Menyelamatkan Hutan Sebagai Bagian Tanggung Jawab Sosial Perusahaan
Jalal dan Fajar Kurniawan
Social Investment Indonesia
Kalau kita menggunakan perhitungan akuntansi lingkungan, maka jasa lingkungan yang diberikan hutan kepada kita di Indonesia pastilah mencapai ribuan triliun rupiah per tahunnya. Namun, jasa lingkungan yang sebegitu besarnya dari hutan tampak masih kurang dihargai oleh kita semua. Laju deforestasi kita pernah mencapai lebih dari 2 juta hektare per tahunnya pada periode sekitar reformasi, dan hingga kini kita masih juga kehilangan ratusan ribu hektare. Kondisi ini harus kita hentikan, bahkan harus dibalikkan, apabila kita masih ingin melihat Indonesia dalam beberapa dekade ke depan.

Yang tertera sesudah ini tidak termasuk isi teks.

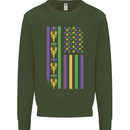 USA Mardi Gras American Flag America Kids Sweatshirt Jumper Forest Green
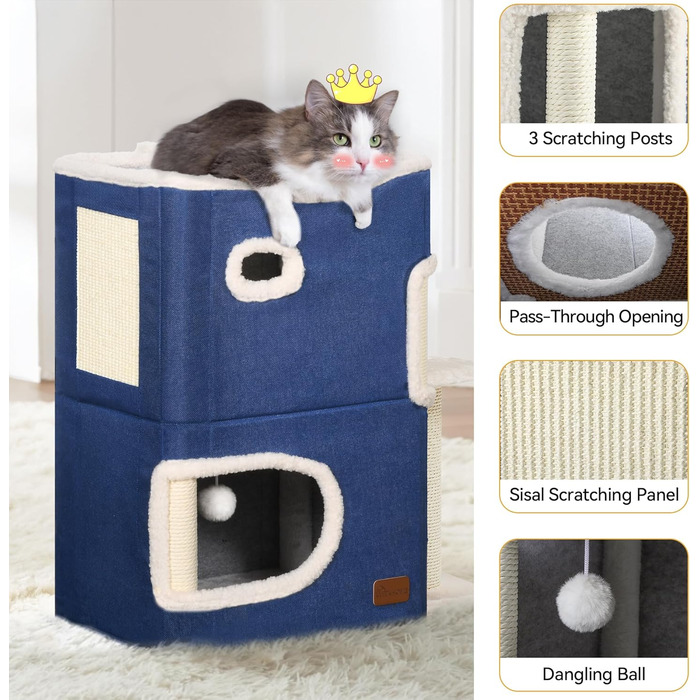 YITAHOME Cat House Indoor, Cat Bed for Indoor Cats, Cat Tunnel, Cat Cave, Small Scratching Post, Cat Furniture, Cat Bed Cave, cat caves, Cat Beds (Blue, with Platform)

Lalu, sebagai perusahaan, apa yang bisa dilakukan? Ada banyak sebetulnya. Namun hingga kini kebanyakan perusahaan jauh lebih suka berpikir secara dangkal, membatasi diri hanya pada acara seremonial penanaman pohon, lalu melupakannya hingga ada seremoni serupa. Kerap, perusahaan menghabiskan dana yang jauh lebih besar untuk mengiklankan kegiatan tersebut dibandingkan dengan yang mereka keluarkan untuk melaksanakannya. Tindakan greenwashing tersebut—selain tidak memberikan arti kepada penyelamatan hutan—sesungguhnya bisa membahayakan reputasi perusahaan bila ada pihak yang secara kritis menyorotinya.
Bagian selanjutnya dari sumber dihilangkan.